The fitting methods typically use maximum likelihood. When the model for the response $Y$ corresponding to a vector $X$ is in the form

$$Y \sim X \beta + \varepsilon$$

with iid $\varepsilon$ having a common distribution $F_\sigma$ with PDF $f_\sigma$ (where $\sigma$ are unknown "nuisance parameters"), then--in the absence of censoring--the log likelihood of observations $(x_i, y_i)$ is

$$\Lambda = \sum_{i=1}^n \log f_\sigma(y_i - x_i\beta).$$

With censoring present we may divide the cases into three (possibly empty) classes: for indexes $i=1$ to $n_1$, the $y_i$ contain the lower threshold values and represent left censored data; for indexes $i=n_1+1$ to $n_2$, the $y_i$ are quantified; and for the remaining indexes, the $y_i$ contain the upper threshold values and represent right censored data. The log likelihood is obtained in the same way as before: it is the log of the product of the probabilities.

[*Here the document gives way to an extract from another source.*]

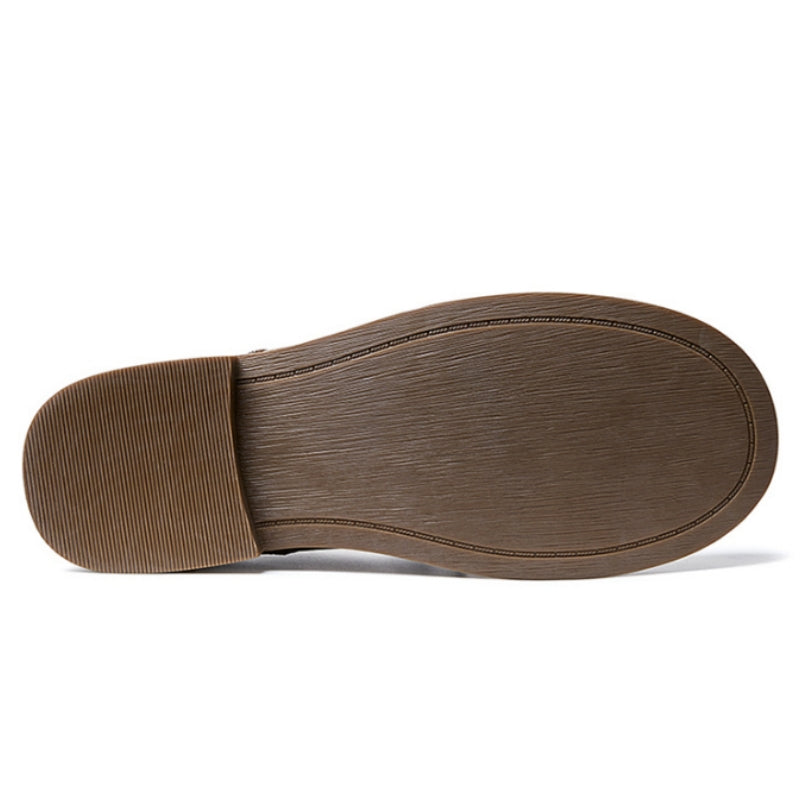 Calf Leather Derby Shoes for Men Patchwork Toe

$$\Lambda = \sum_{i=1}^{n_1} \log F_\sigma(y_i - x_i\beta) + \sum_{i=n_1+1}^{n_2} \log f_\sigma(y_i - x_i\beta) + \sum_{i=n_2+1}^n \log (1 - F_\sigma(y_i - x_i\beta)).$$

This is maximized numerically as a function of $(\beta, \sigma)$.

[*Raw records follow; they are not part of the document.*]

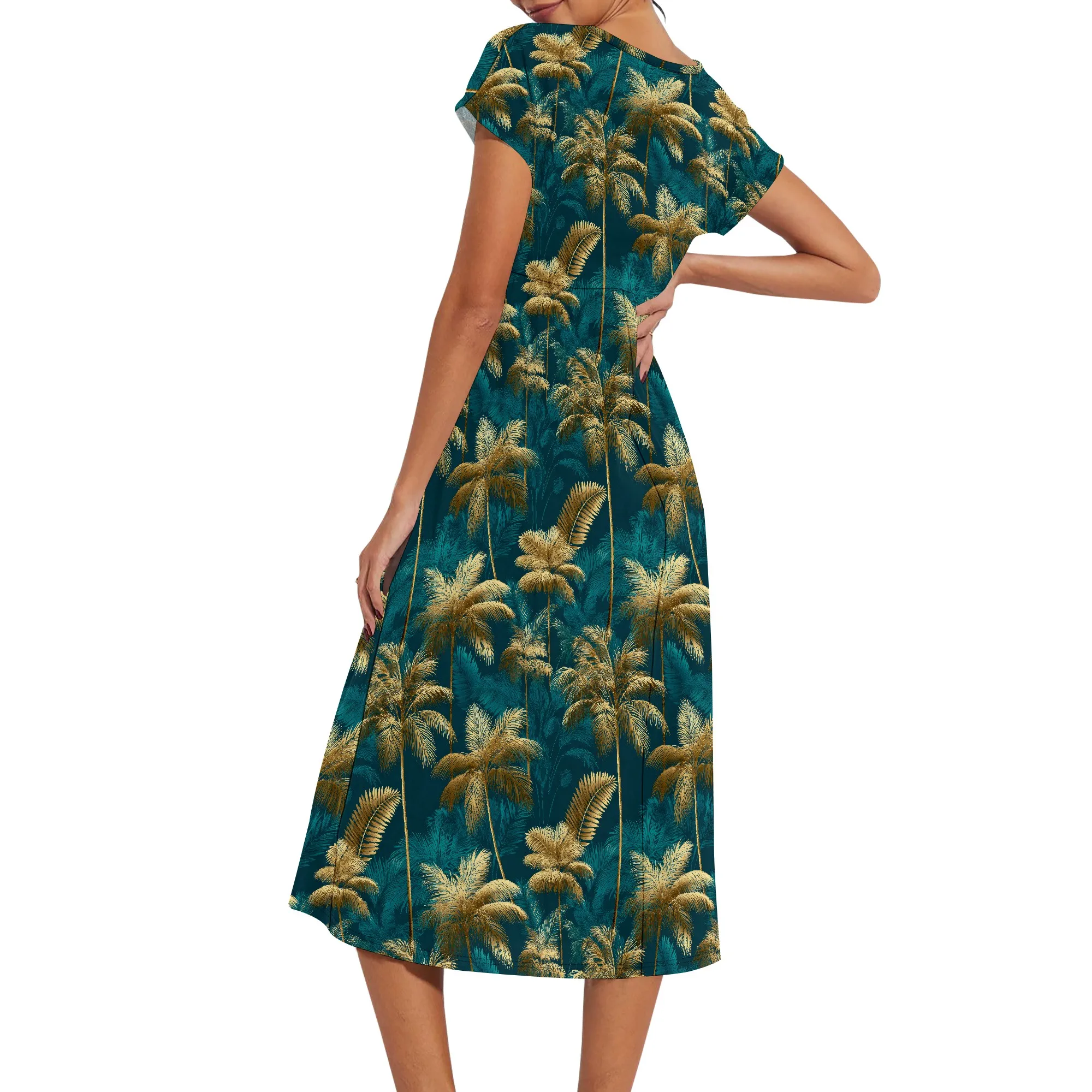 Robes t-shirt décontractées d'été pour femmes, couverture à manches courtes, robe ample de plage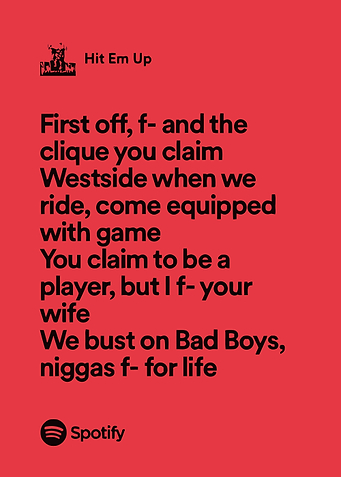 2 Pac Lyrics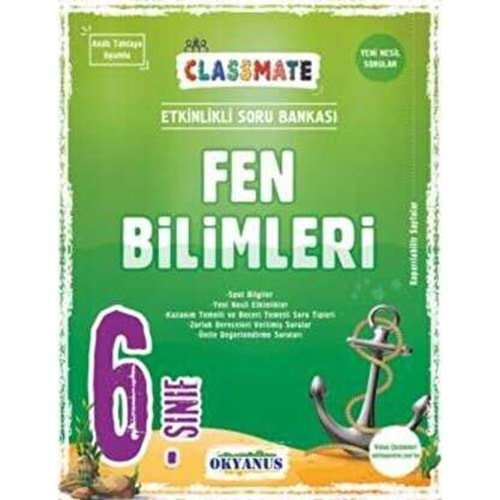 OKYANUS 6.SINIF CLASSMATE FEN BİLİMLERİ SORU BANKASI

In my experience, such methods can work well when less than half the data are censored; otherwise, the results can be unstable.


Here is a simple R example using the censReg package to illustrate how OLS and censored results can differ (a lot) even with plenty of data. It qualitatively reproduces the data in the question.

library("censReg")
set.seed(17)
n.data <- 2960
coeff  <- c(-0.001, 0.005)
sigma  <- 0.005
x      <- rnorm(n.data, 0.5)
y      <- as.vector(coeff %*% rbind(rep(1, n.data), x) + rnorm(n.data, 0, sigma))
y.cen           <- y
y.cen[y < 0]    <- 0
y.cen[y > 0.01] <- 0.01
data = data.frame(list(x, y.cen))

The key things to notice are the parameters: the true slope is $0.005$, the true intercept is $-0.001$, and the true error SD is $0.005$.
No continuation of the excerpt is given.